Worldwide media tablet sales will reach 19.4 million units in 2010, according to a new research note from Gartner. That's good news for manufacturers such as Apple, maker of the iPad, which is driving much of that growth. However, Gartner also said tablet sales are having a negative impact on sales of other mobile devices such as e-readers and mininotebooks.
"The all-in-one nature of media tablets will result in the cannibalization of other consumer electronics devices such as e-readers, gaming devices and media players," Gartner analyst Carolina Milanesi said in an Oct. 15 statement. "Mininotebooks will suffer from the strongest cannibalization threat as media tablet average selling prices (ASPs) drop below $300 over the next two years."
But Gartner expects that low-end consumer notebooks and communication devices based on an open-source operating system-in other words, Google Android-will experience lower rates of cannibalization.
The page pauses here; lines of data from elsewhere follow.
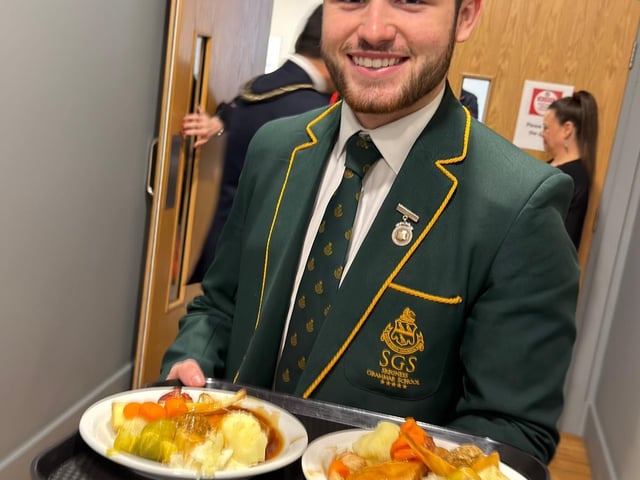 Volunteers from Skegness Grammar School helped serve the meals.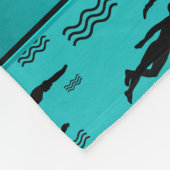 Couverture Polaire Motif nommé personnalisé de natation de turquoise (Coin)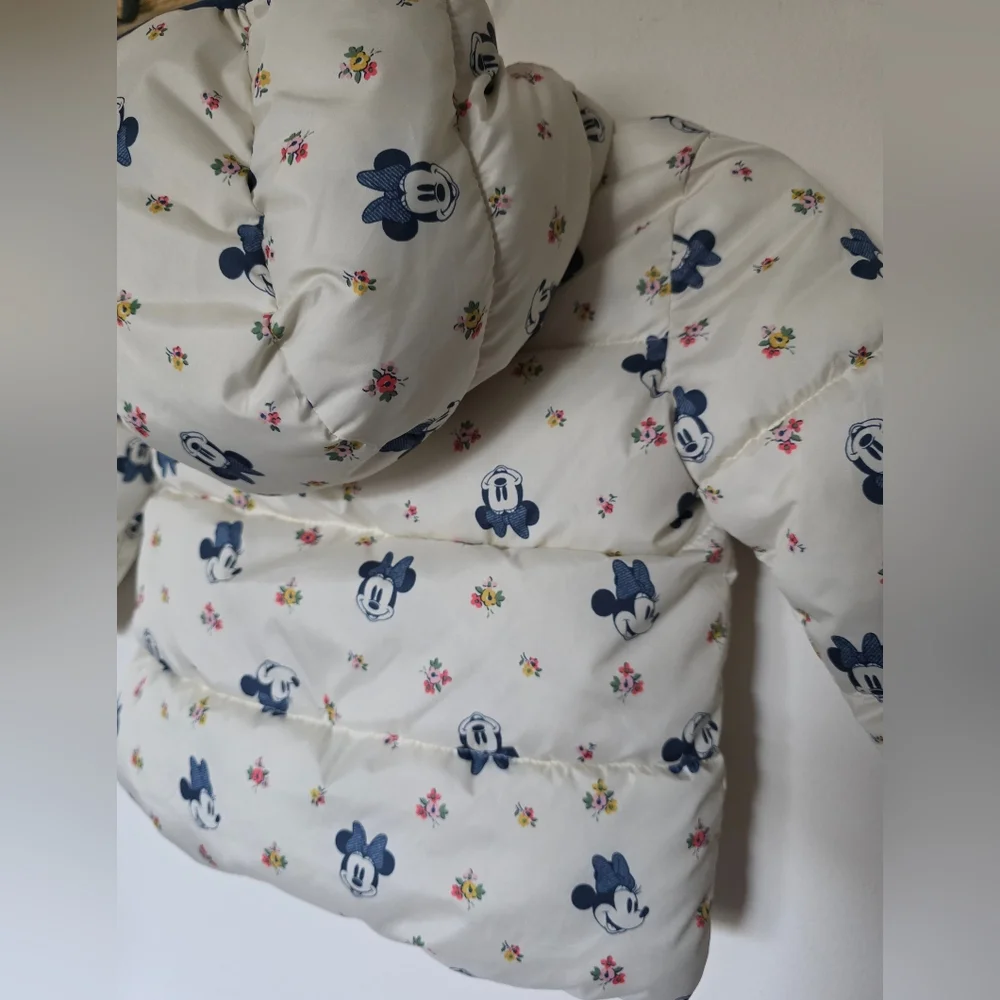 Disney Baby Gap Minnie‎ Mouse Reversible Sherpa Puffer Jacket Coat Girls Sz 4T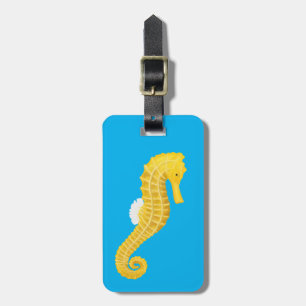 Yellow Seahorse  Luggage Tag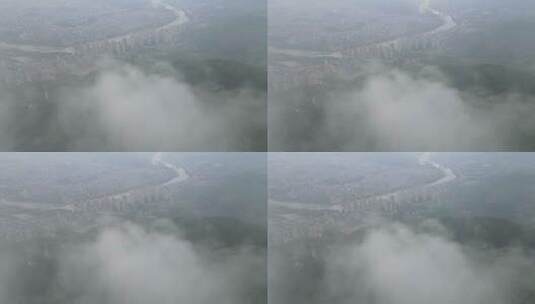航拍云雾高山大景城市远景高清在线视频素材下载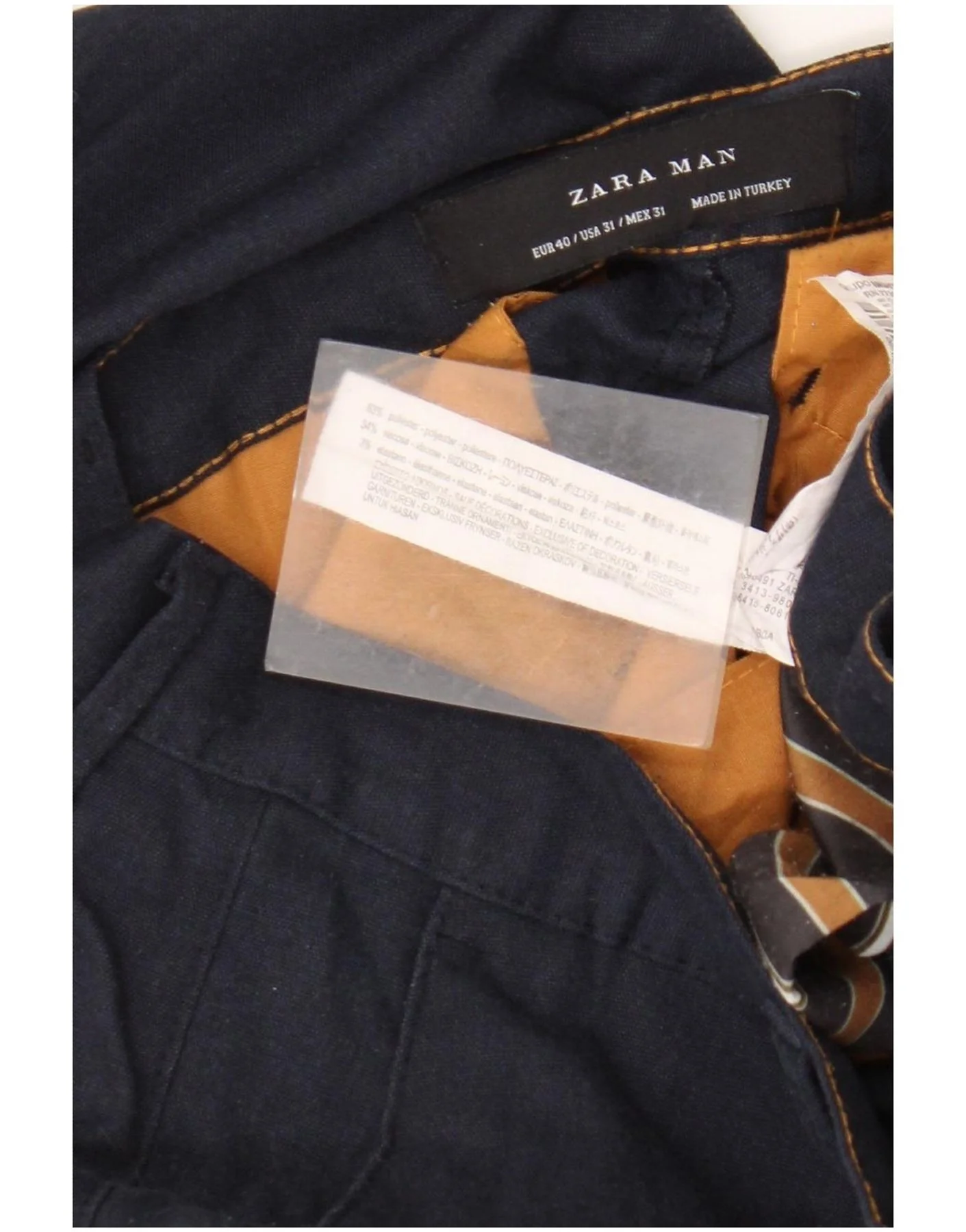 Zara Mens Slim Chino Trousers EU 40 Medium W31 L30 Navy Blue Polyester - Image 3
The presence of 7-inch tablet PCs could impact the higher-end smartphone market, the research note added, although consumers "buying a 7-inch tablet might opt for a lower-priced smartphone with a smaller form factor."
The research note predicted that tablet PC sales would increase from 19.4 million units in 2010 to 54.7 million in 2011, then 103.4 million in 2012, and finally 208 million in 2014. About 61 percent of those sales in 2010 are expected to come from the North American market, but Gartner expects that percentage to dip to 43 percent by 2014.
"As media tablets move from early adopters to mainstream, media tablets will become a family purchase as well as a personal one," Gartner said. "The touch user interface, the applications available on the different operating systems and the simpler setup compared to a full-fledged computer make media tablets ideal for a range of consumers, from power users to technophobics." Gartner also said it sees the cost of tablet PCs gradually declining over the long term, as carrier subsidies for the devices increase.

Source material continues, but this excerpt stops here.